Welcome to the Florida aquafer. ( spelling ? )
Chemicals from all the fertilizer poured on the golf courses prolly.


----------



## Protech (Sep 22, 2008)

*more pics*

more pics


----------



## user823 (Feb 3, 2009)

Nice job!


----------



## Hyper Piper (Nov 29, 2008)

Was the leak caused by the concrete being in contact with the copper pipe? I've seen leaks caused by that scenario before.


----------



## Protech (Sep 22, 2008)

the pipe was sleeved in armaflex


----------



## ROCKSTARPLUMBER (Dec 14, 2008)

Come across alot of those here in N florida too. Have some pics somewhere, will try to find and post.

BTW, did you sell a new Gerber with slab leak? Looks like it.


----------



## Protech (Sep 22, 2008)

no, it was installed on the last leak.


----------



## SPH (Nov 4, 2008)

copper leaking??? noooo... i thought only pex did that!!

Good repair! Glad to hear you made some money!


----------



## Protech (Sep 22, 2008)

Around here, copper is the worst type of pipe to use. I have done over a thousand copper leak repairs.


----------



## PipemanNYC (Nov 21, 2008)

i have the same knife...


----------



## Plumber (Jan 18, 2009)

Why not just go with copper? Oh...."Super Pex Man"...I get it :thumbup:

Nice job. We have basements and crawlers, so the big buck pipe repairs don't happen often enough and diy'ers jump on it.


----------



## WestCoastPlumber (Jun 17, 2008)

Did you braze that joint? We have to braze all joints under the slab.

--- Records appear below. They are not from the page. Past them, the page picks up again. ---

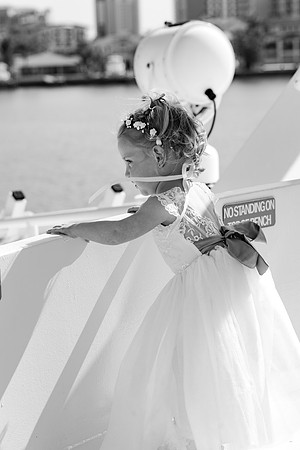 wedding-509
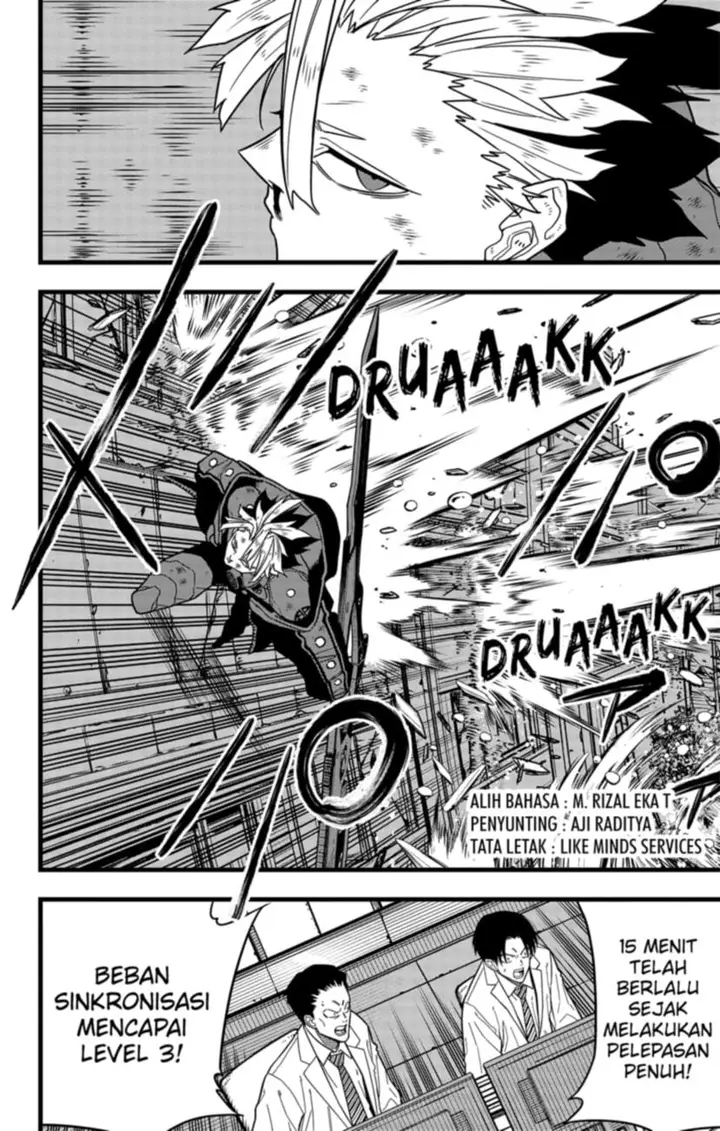 image-komik-8kaijuu-chapter-86-3/23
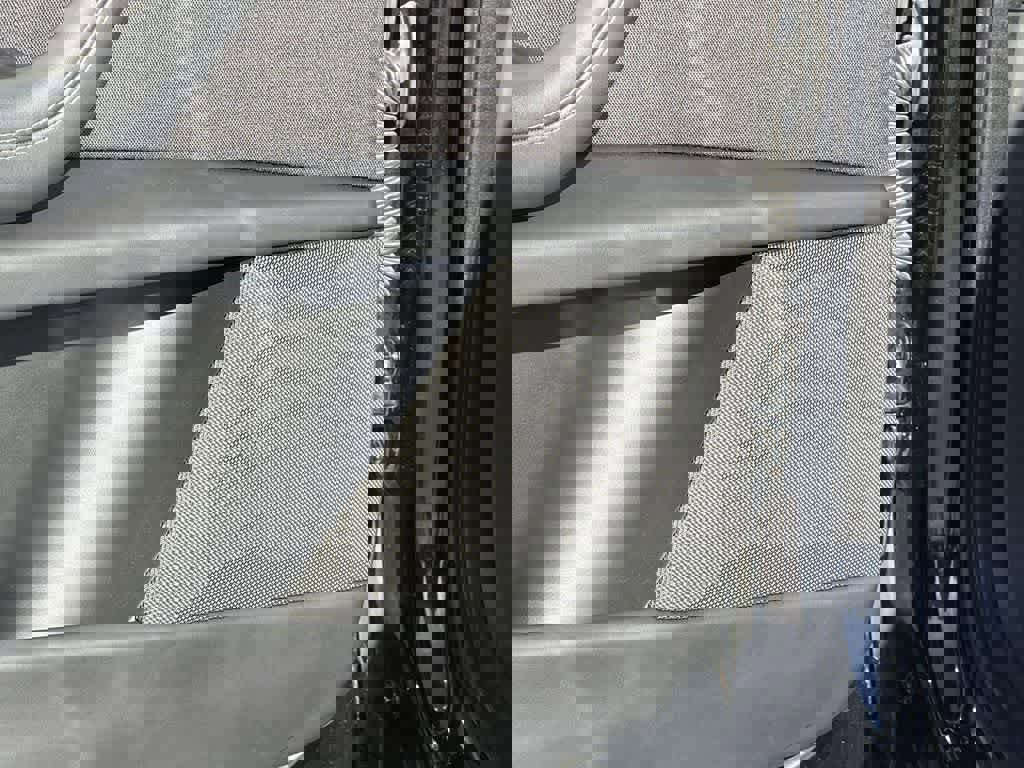 Used 2022 Tesla Model X image 21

I actually have a slab leak tomorrow, at a dentist office, on a sunday. its hte secoind, I repaird the first one about 4 weeks ago, a gusher, this one was 50' away, same hallway, this time the carpet is staying wet.

I am re-piping in about 2 montths, All 19 sinks need to be brought out of the slab, I have the contract signed, this is just an added bonus :yes:

The dentist is waiting for his designer to finish, so we (work comp just kicked in) can go in repipe, change out all faucets, sinks and strainers.

Fun times, I hate slab leaks, but it's all good!


----------



## smellslike$tome (Jun 16, 2008)

WestCoastPlumber said:


> Did you braze that joint? We have to braze all joints under the slab.
> 
> I actually have a slab leak tomorrow, at a dentist office, on a sunday. its hte secoind, I repaird the first one about 4 weeks ago, a gusher, this one was 50' away, same hallway, this time the carpet is staying wet.
> 
> ...


I see MANY CLAMS in your future!!!


----------